__Exercise brief__: The whole listing below is to be copied exactly, with every picture left out.

Input material START

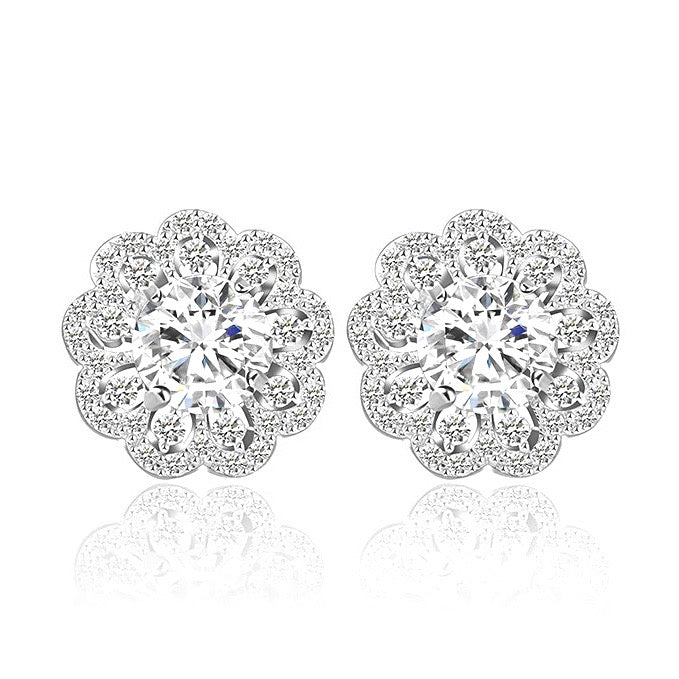 A pair of silver stud earrings with a floral lace edge design, featuring multiple small round cut gems.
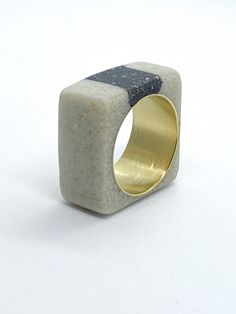 This listing is for a black and white cement and resin ring on brass. The ring consists of mostly white cement with an inlay of black cement and charcoal, mixed into resin over a brass ring. The ring is approximately a size 8, but can fit 7.5-8. All items are hand made and unique.  *PLEASE READ* After continuous wear, brass jewelry can develop a black residue (oxidation). This is very easily fixed by soaking your jewelry in lemon juice for no more than fifteen seconds, then rinsing it in water and polishing with a jewelry cloth (included) Store your jewelry in a dry location, preferably in a cloth bag or a jewelry box, as open air will accelerate the natural oxidation of the metal. Concrete Ring, Black Minimal, Concrete Jewelry, White Cement, Black Cement, Spiral Ring, Freshwater Pearl Ring, Lace Jewelry, Contemporary Ring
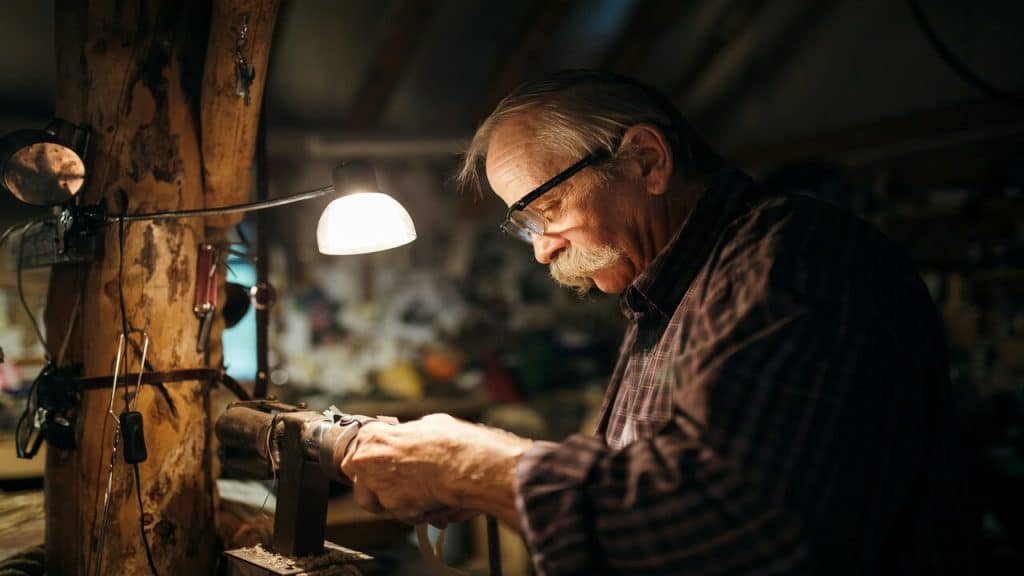 An older man doing carpentry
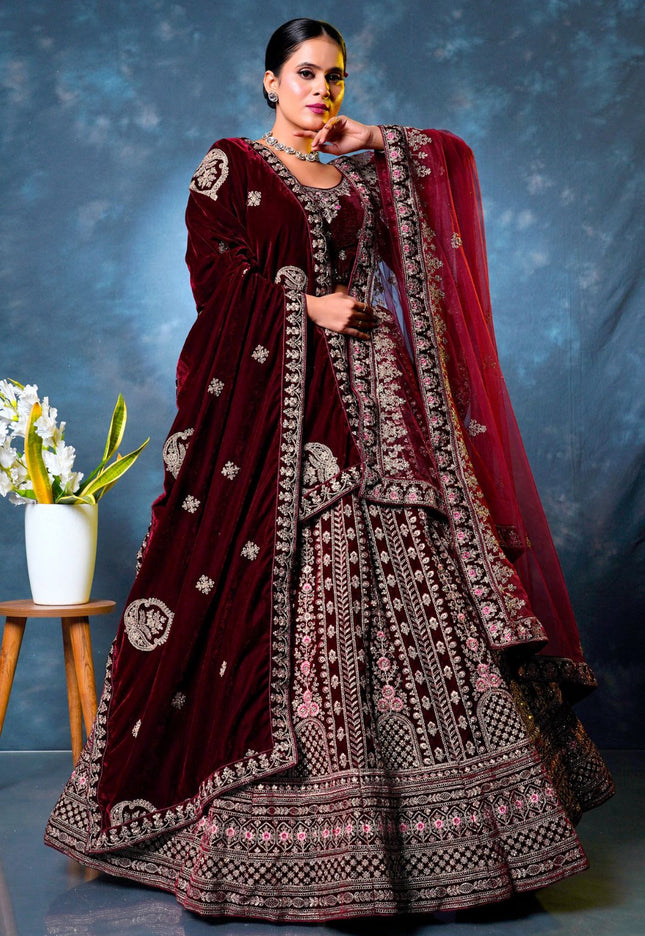 Woman wearing a maroon embroidered traditional lehenga choli with dupatta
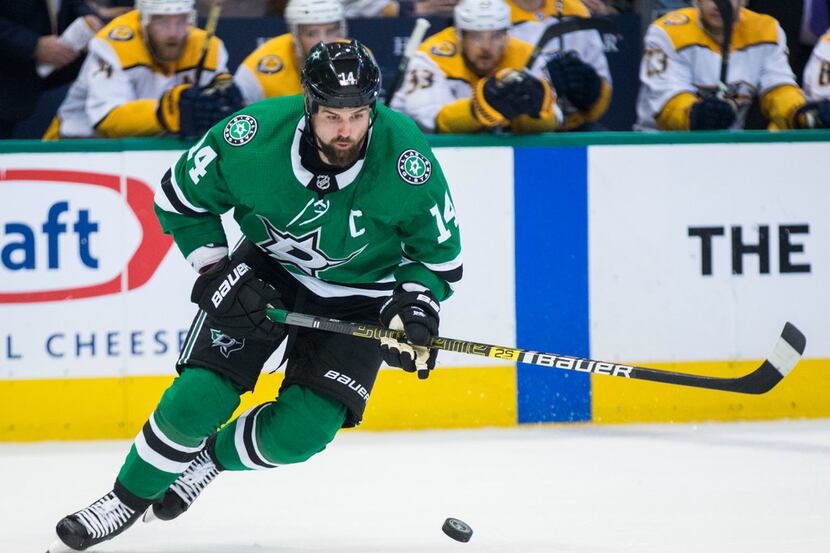 Dallas Stars left wing Jamie Benn (14) takes the puck during the first period of Game 6 of...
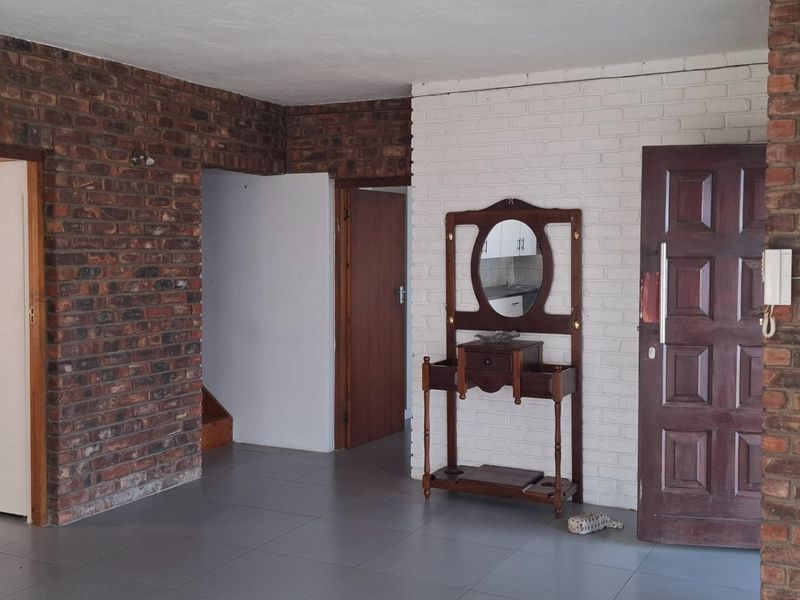 An interior view of a living area featuring exposed brick walls, painted brick accents, and tiled flooring with multiple doorways leading to other rooms.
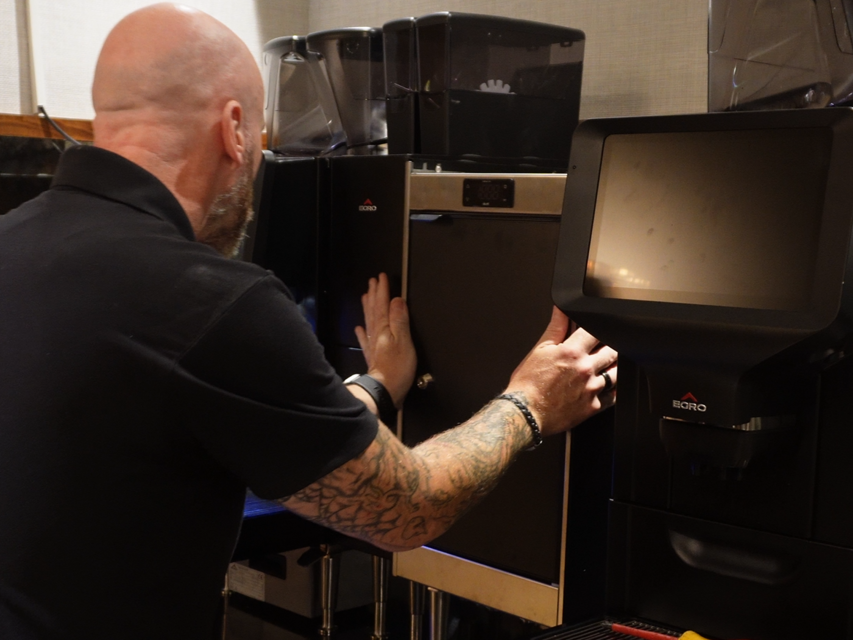 A barista operates a modern coffee machine in a cafe, adjusting settings for efficient beverage preparation.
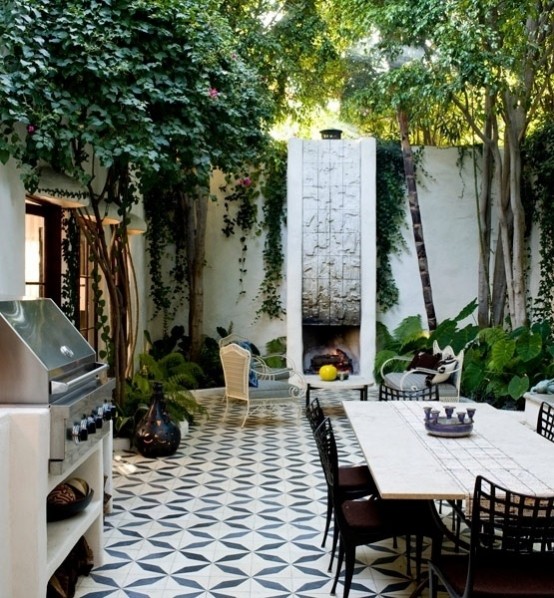 an eclectic patio with a mosaic tile floor, wood and metal furniture, a fireplace and a hearth for cooking
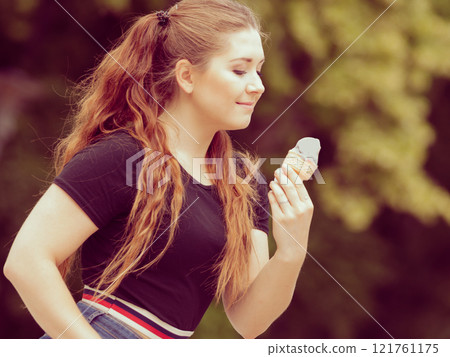 Young woman eating ice cream 121761175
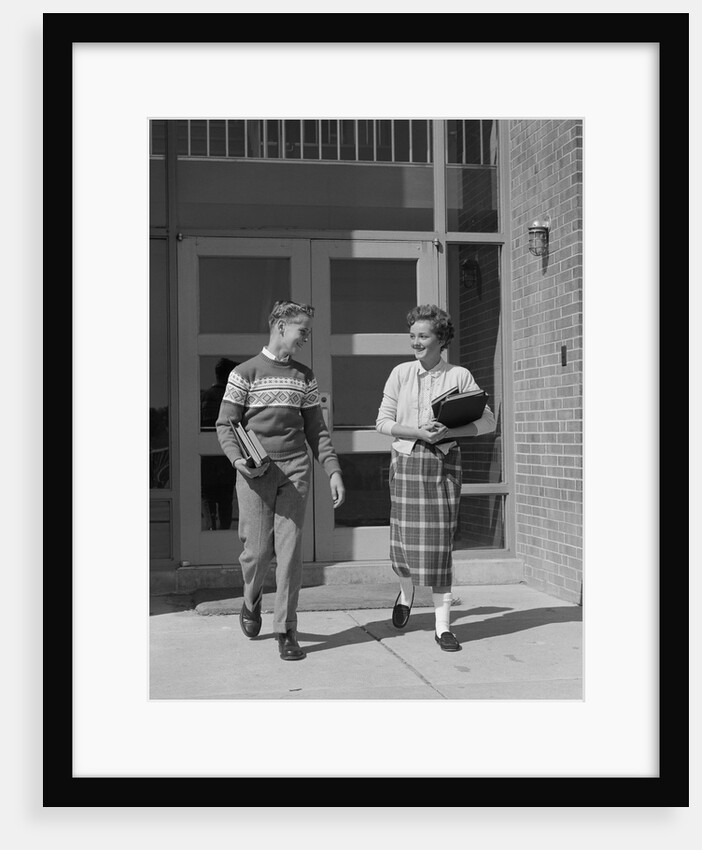 Two teenage students boy and girl walking away from school doors carrying books by Anonymous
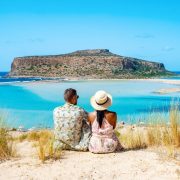 Couple Looking Out At Balo Beach, Crete, Greece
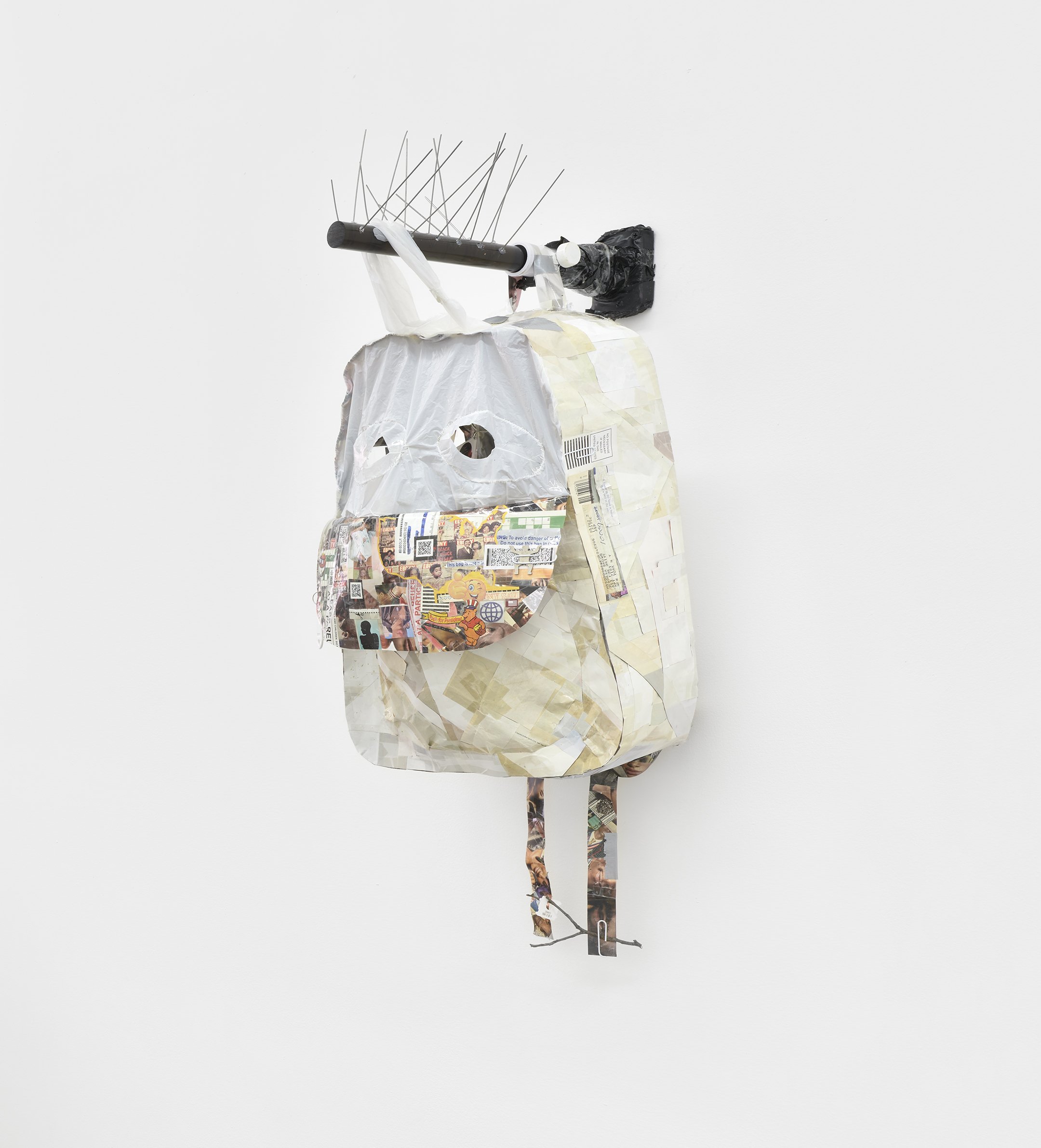  Elzie Williams III  Do You Know Where You're Going To? , 2023 magazine swatches of black and brown faces with the color white on reverse,  found images, plastic, found objects, acrylic rod, metal, flagpole bracket, light  33 x 14 x 12 inches (84 x 3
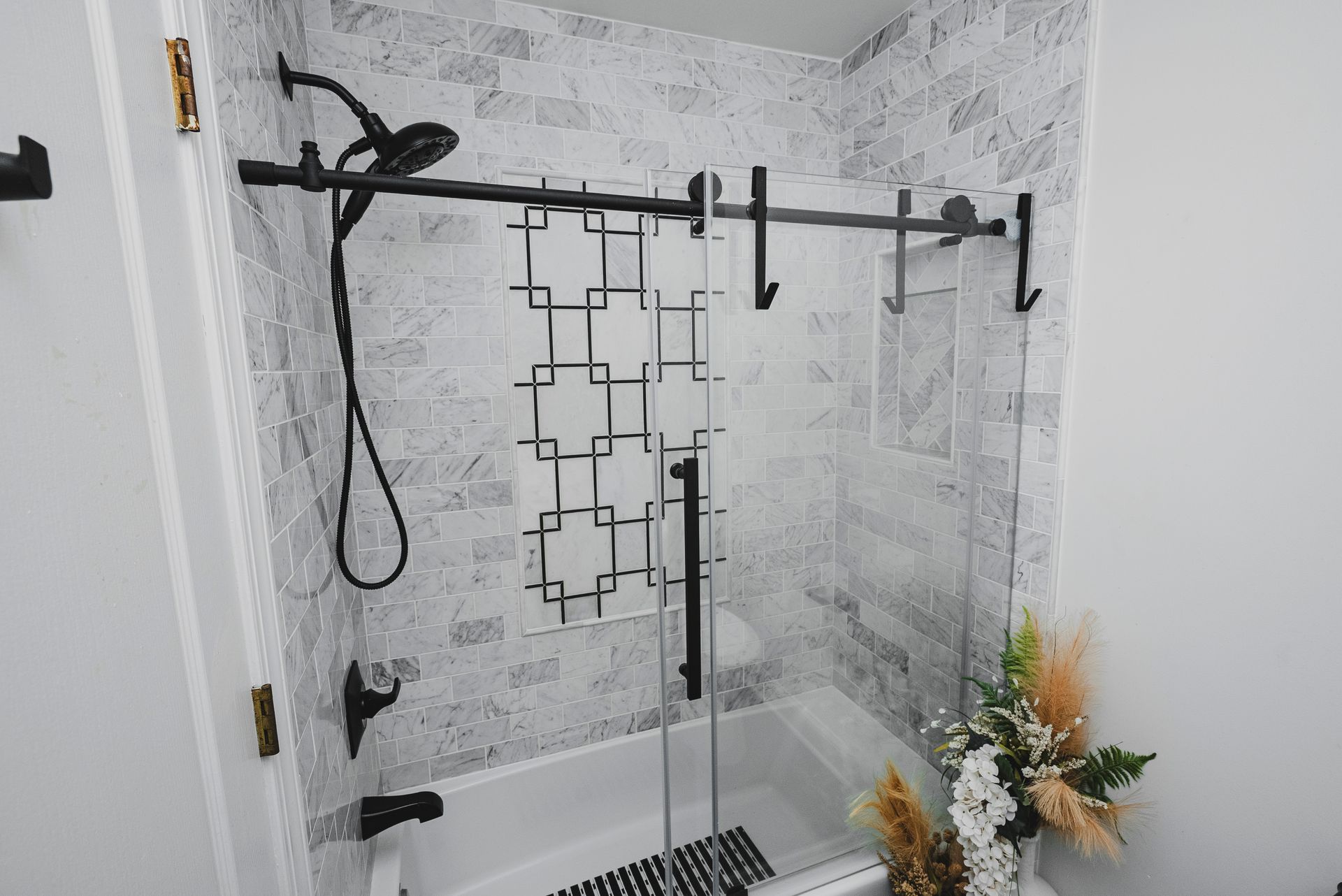 Finished hallway bathroom featuring a modern alcove bathtub with a sliding glass door.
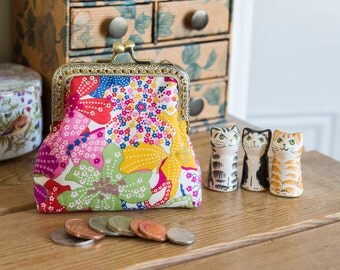 Coin purse made with Mauvey print Liberty Tana Lawn, a golden lining, and a hand stitched bronze colour metal frame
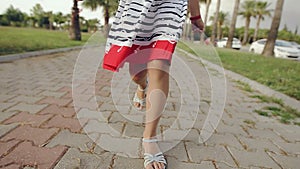 Child walks through a palm alley at sunset, rejoices and sings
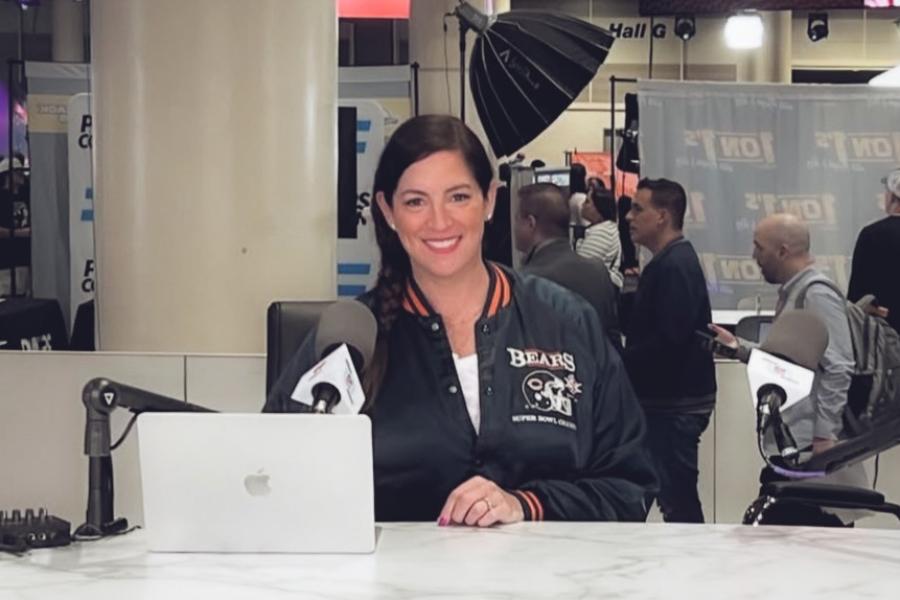 Person wearing a Bears jacket sitting at a computer in a press room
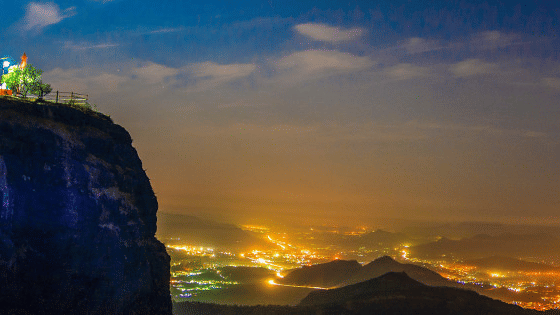 a panoramic view from a hill under vibrant sky showcasing the lit city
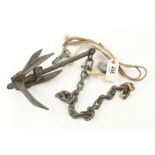 A small anchor from a rowing boat and a small rope and fitting for a flag G+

Input material END

__Exercise output__:
 A pair of silver stud earrings with a floral lace edge design, featuring multiple small round cut gems.
 This listing is for a black and white cement and resin ring on brass. The ring consists of mostly white cement with an inlay of black cement and charcoal, mixed into resin over a brass ring. The ring is approximately a size 8, but can fit 7.5-8. All items are hand made and unique.  *PLEASE READ* After continuous wear, brass jewelry can develop a black residue (oxidation). This is very easily fixed by soaking your jewelry in lemon juice for no more than fifteen seconds, then rinsing it in water and polishing with a jewelry cloth (included) Store your jewelry in a dry location, preferably in a cloth bag or a jewelry box, as open air will accelerate the natural oxidation of the metal. Concrete Ring, Black Minimal, Concrete Jewelry, White Cement, Black Cement, Spiral Ring, Freshwater Pearl Ring, Lace Jewelry, Contemporary Ring
 An older man doing carpentry
 Woman wearing a maroon embroidered traditional lehenga choli with dupatta
 Dallas Stars left wing Jamie Benn (14) takes the puck during the first period of Game 6 of...
 An interior view of a living area featuring exposed brick walls, painted brick accents, and tiled flooring with multiple doorways leading to other rooms.
 A barista operates a modern coffee machine in a cafe, adjusting settings for efficient beverage preparation.
 an eclectic patio with a mosaic tile floor, wood and metal furniture, a fireplace and a hearth for cooking
 Young woman eating ice cream 121761175
 Two teenage students boy and girl walking away from school doors carrying books by Anonymous
 Couple Looking Out At Balo Beach, Crete, Greece
  Elzie Williams III  Do You Know Where You're Going To? , 2023 magazine swatches of black and brown faces with the color white on reverse,  found images, plastic, found objects, acrylic rod, metal, flagpole bracket, light  33 x 14 x 12 inches (84 x 3
 Finished hallway bathroom featuring a modern alcove bathtub with a sliding glass door.
 Coin purse made with Mauvey print Liberty Tana Lawn, a golden lining, and a hand stitched bronze colour metal frame
 Child walks through a palm alley at sunset, rejoices and sings
 Person wearing a Bears jacket sitting at a computer in a press room
 a panoramic view from a hill under vibrant sky showcasing the lit city
 A small anchor from a rowing boat and a small rope and fitting for a flag G+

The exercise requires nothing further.